There are five acts in Coffee Noir, and each one has a set amount of clues and connections you’ll need to collect and create before the next act can begin. Up on the clues board, you’ll connect clues together that, at first, feel really tenuous or already apparent (there’s really no in-between), but by the time Act III rolls around it’ll all start to make sense. You’ll have three tries per week to make connections, and if you get three wrong, you’ll have to wait until next week to try again. The act cannot proceed until you’ve created all necessary connections, so if you’re running out of tries, consider auto-buying the connection — for a price, of course.
Coffee Noir had me glued to my seat for an entire day — I literally couldn’t be bothered to do anything else until I had finished this mocha mystery. Unfortunately, it has a few issues that I couldn’t overlook, the most glaring one being the English translation.
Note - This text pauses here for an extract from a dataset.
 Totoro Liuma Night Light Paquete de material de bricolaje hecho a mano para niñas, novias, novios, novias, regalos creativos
Now, I will say that it was not horrible — it wasn’t, I promise — but it does have to be brought up due to its visual novel nature. Anything that was voiced (save for one or two lines) were fine, but the connections board and the card that gave players a bit of background on the client were very clunky. Phrases like “she became PR manager at x company which supplying coffee beans” or “she is a young French with strong accent” were pretty pervasive. I guess because the extensive voice acting got (almost) all the English lines correctly, the parts that were muddled stood out even more.
Additionally, some of the words chosen (for the English version, at least) were words that were either kind of clunky or flat-out not used in typical conversation. The clients you speak with are called “interlocutors,” for example, and hearing someone with an American accent talk about “uni” instead of “college” was just a tad bit odd. Now I don’t deign to imply I know every single word in my native language, but I come from a long line of English teachers and I feel like they would have used “interlocutors” once or twice in passing if it was at all necessary to know; instead, the first time I’m hearing it is, surprisingly, in this game. Again, I’m not pretending to know all the words or anything, but it was one of many strange choices that made it feel somewhat unapproachable. Although Coffee Noir is certainly comprehensible, it would benefit from a localizer.
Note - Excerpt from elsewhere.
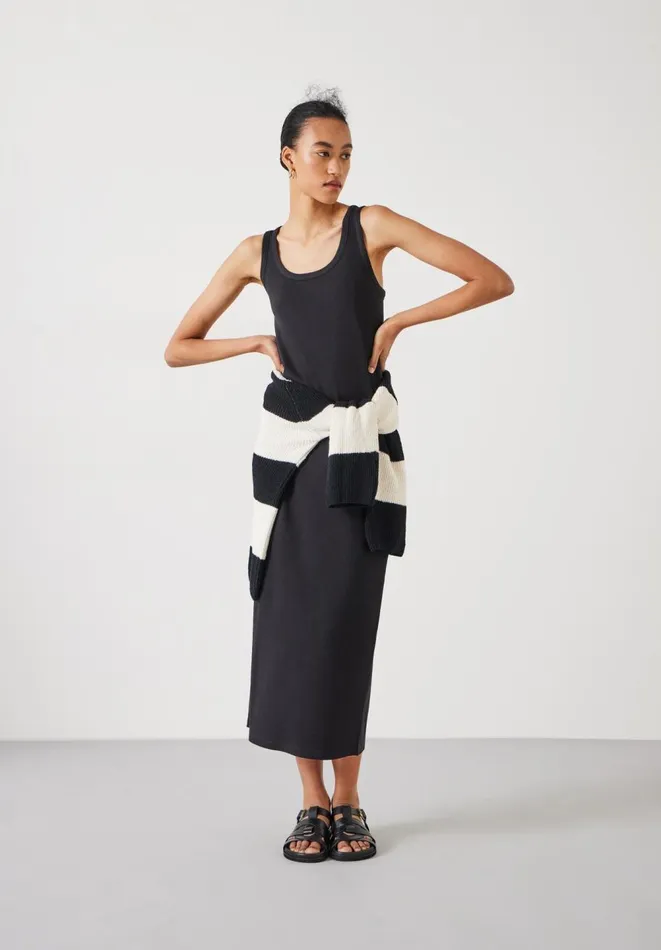 Hush Dresses Women Riley Ribbed Maxi Dress Black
Coffee Noir goes down like a warm cup of coffee — black, of course, no cream or sugar. It builds a coffee-based Post-Warpunk world full of mystery and intrigue, the setting something I’d absolutely love to see explored more in future titles. Its blend of noir mystery and sales/business management is certainly something new, the concepts executed competently with a bold, rich flavor. And, for all the concerned noir fans out there, it does indeed end on a bitter note — just like an espresso. If you love to get lost in a good vintage murder mystery and think you have what it takes to grow a coffee empire, Coffee Noir will provide that caffeinated challenge for you.
Final Verdict: 3.5/5
Available on: PC (reviewed); Publisher: DOJI; Developer: NAOS Software, DOJI; Players: 1; Released: September 30, 2021; MSRP: $24.99
Editor’s note: This review is based on a retail copy of Coffee Noir – Business Detective Game provided by the publisher.